BRASÍLIA, DF (FOLHAPRESS) – Em atitude inusual no mundo jurídico, mas que se tornou comum no atual julgamento, o ministro Alexandre de Moraes, do STF (Supremo Tribunal Federal) antecipou nesta terça-feira (2) parte do cerne do seu voto, que só deve ser lido na próxima semana.
Antes mesmo de iniciar a leitura do relatório do caso, que é um resumo formal da instrução do processo, Moraes fez uma introdução de caráter político, com recados à pressão do presidente dos Estados Unidos, Donald Trump, e da família Bolsonaro, já antecipando seu juízo ao dizer que as instituições se mostraram sólidas ao resistir a uma tentativa de golpe de Estado.
A defesa do ex-presidente Jair Bolsonaro (PL) contesta que tenha havido uma tentativa dessa ordem, sob o argumento de que foram discutidas alternativas “dentro das quatro linhas da Constituição”.
“Um país e a Suprema Corte só têm a lamentar que se tenha tentado de novo um golpe de Estado, pretendendo-se um estado de exceção e uma verdadeira ditadura”, disse Moraes.
“As instituições mostraram sua força e sua resiliência em que pese uma radical polarização política, todos nós devemos afastar com todas as nossas forças e empenho a tentativa de qualquer quebra da institucionalidade.”
Moraes também se manifestou em sentido semelhante ao, novamente, citar o risco que vê na tentativa de apaziguamento com a tentativa de golpe –o termo, uma referência à postura de líderes do Reino Unido e França ante à ascensão de Adolf Hitler, virou um mantra de Moraes nesse processo.
Antecipações de juízos do ministro responsável pela julgamento se iniciaram ainda no período da transição presidencial.
Poucos dias após a vitória eleitoral de Lula (PT) em 2022, o ministro já havia dito que iria tratar como criminosos os que não aceitassem o resultado.
“Os eleitores, em maioria massacrante, são democratas.
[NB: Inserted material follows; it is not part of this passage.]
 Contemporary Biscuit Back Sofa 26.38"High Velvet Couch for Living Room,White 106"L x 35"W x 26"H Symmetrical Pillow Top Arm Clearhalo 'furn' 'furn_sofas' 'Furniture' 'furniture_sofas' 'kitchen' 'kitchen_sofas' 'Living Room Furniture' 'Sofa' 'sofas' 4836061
Aceitaram democraticamente o resultado das eleições. Aqueles que criminosamente não estão aceitando, aqueles que criminosamente estão praticando atos antidemocráticos serão tratados como criminosos”, disse Moraes em sessão do tribunal.
Na decisão que adotou ainda no 8 de janeiro de 2023, no calor dos ataques golpistas à sede dos três Poderes, em Brasília, o ministro reiterou a promessa de punição a todos os golpistas.
“Absolutamente TODOS serão responsabilizados civil, política e criminalmente pelos atos atentatórios à Democracia, ao Estado de Direito e às Instituições, inclusive pela dolosa conivência, por ação ou omissão, motivada pela ideologia, dinheiro, fraqueza, covardia, ignorância, má-fé ou mau-caratismo.”
Já em julho deste ano, Moraes antecipou posição sobre eventual projeto de anistia discutido pelo Congresso, considerando-o “inconstitucional”.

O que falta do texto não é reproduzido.